Introduction: The prognosis of bypass grafts, particularly those of venous origin, is unsatisfactory due to the occurrence of acute thromboembolic occlusion or atherosclerosis-like processes in the longer term. The pathogenetically relevant mechanisms in the intima have not been fully elucidated.

Hypothesis: Endothelial lesions of vascular grafts exposing intimal pericytes (P), trigger procoagulatory and proliferative processes. P may play a pathogenetically decisive role in the venous and arterial intima, which was not noticed before.

Methods: Immunohistochemical studies on remnants of bypass grafts of arterial and venous origin after their gentle explantation; cell isolation and tissue culture techniques; graft storage in a plasma derivative or in conventional preservation solutions; hemostasiological assays.

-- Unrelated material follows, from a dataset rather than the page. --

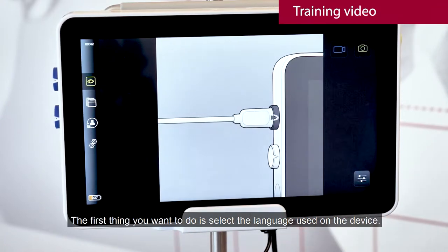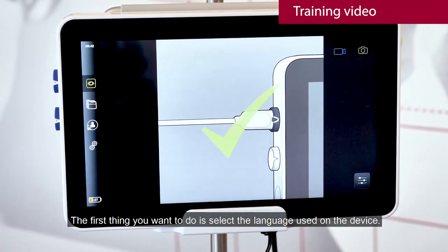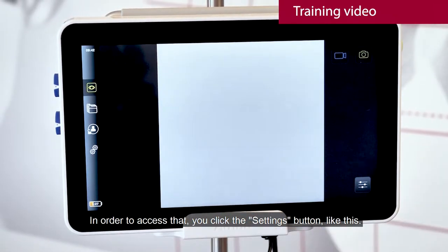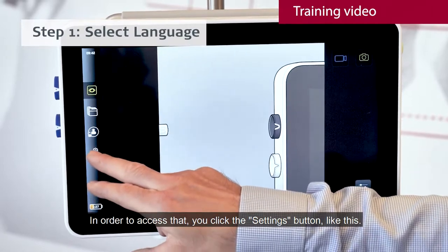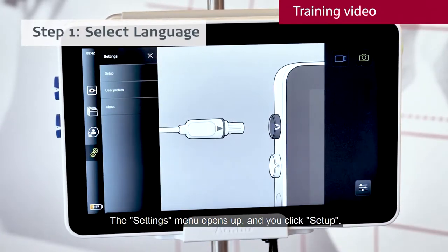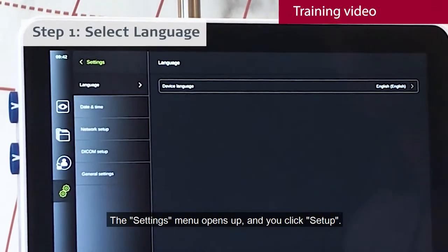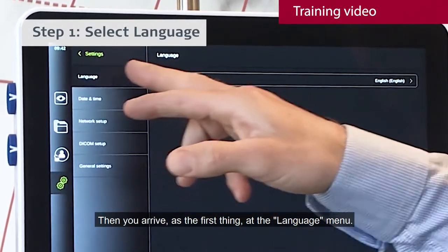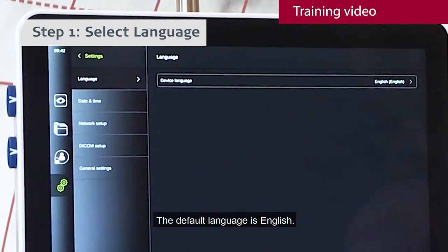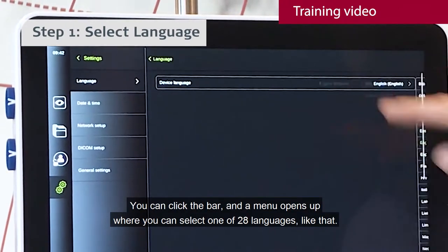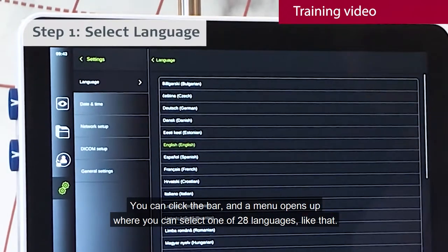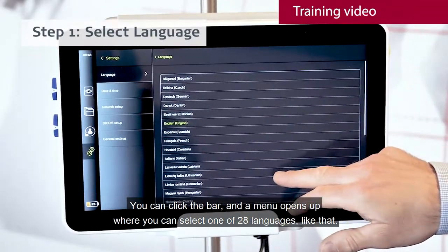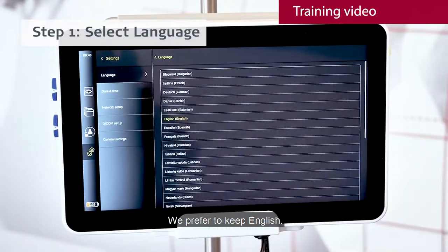The first thing you want to do is select the language used on the device. To access that, you click the settings button. The settings menu opens up and you click setup. The first thing is the language menu, and the default language is English. You can click the bar and a menu opens up where you can select one of 28 languages. We prefer to keep English.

Results: In all venous and arterial vessel segments studied, a network of P exists directly beneath the endothelium. On their surface P express a high tissue factor concentration and are able to form the prothrombinase complex (formation of 7.8±1.3 pmol Xa or 0.34nmol ± 0.06 IIa in aortic, and 36.4±1.4 pmol Xa or 8.6nmol ± 1.1 IIa •min-1•10-6cells in venous intima, respectively), thus catalysing rapid accumulation of fibrin thrombi. Following endothelial lesions, and hence exposure to locally formed serum, P proliferate rapidly (doubling time 18 h). Preparation of bypass grafts using routine methods and crystalline solutions (saline, HTK solution) causes extensive endothelial denudation (>50%) particularly in venous grafts, thus exposing the firmly anchored, prothrombogenic intimal P. In contrast, sealing bypass grafts using a custom-built injector system to limit pressure (<200 mmHg) and subsequent storage in a plasma derivative preserves intimal structure (>90%) with retention of typical anti-thrombogenic endothelial activities.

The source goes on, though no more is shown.